◆ Problem:
Since the records include pictures, leave those out while you reproduce exactly and only the lines from the one containing "Backpacks Children Fire" through the one containing "Corelle Livingware 18-Piece", inclusive.

[Materials provided — start]

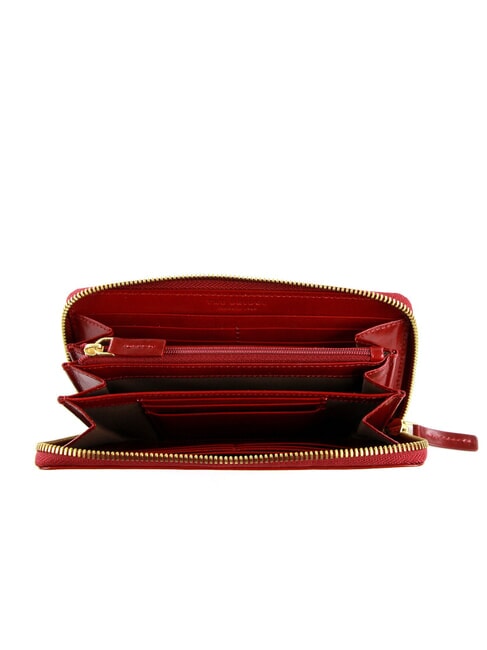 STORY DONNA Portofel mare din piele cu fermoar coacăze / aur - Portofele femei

[Materials provided — finish]
[Materials provided — start]

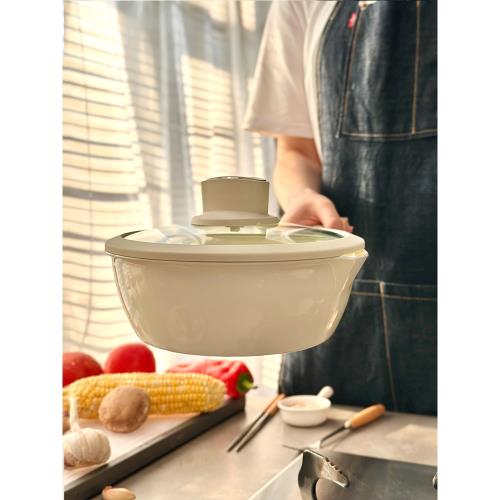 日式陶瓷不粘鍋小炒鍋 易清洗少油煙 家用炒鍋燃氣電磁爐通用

[Materials provided — finish]
[Materials provided — start]

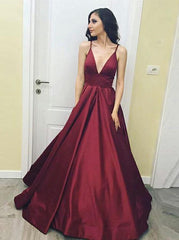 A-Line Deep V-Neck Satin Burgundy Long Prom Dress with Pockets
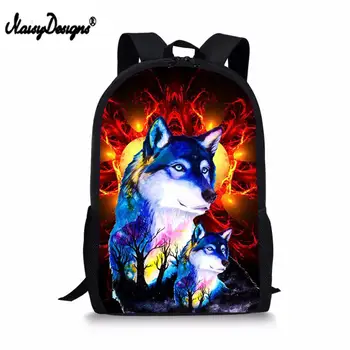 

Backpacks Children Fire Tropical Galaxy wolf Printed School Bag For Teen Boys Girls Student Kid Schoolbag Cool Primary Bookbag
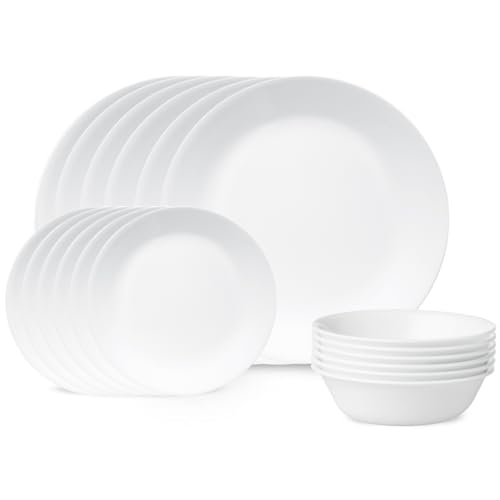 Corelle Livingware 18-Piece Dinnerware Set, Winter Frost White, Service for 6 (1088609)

[Materials provided — finish]

◆ Exercise answer:
Backpacks Children Fire Tropical Galaxy wolf Printed School Bag For Teen Boys Girls Student Kid Schoolbag Cool Primary Bookbag
 Corelle Livingware 18-Piece Dinnerware Set, Winter Frost White, Service for 6 (1088609)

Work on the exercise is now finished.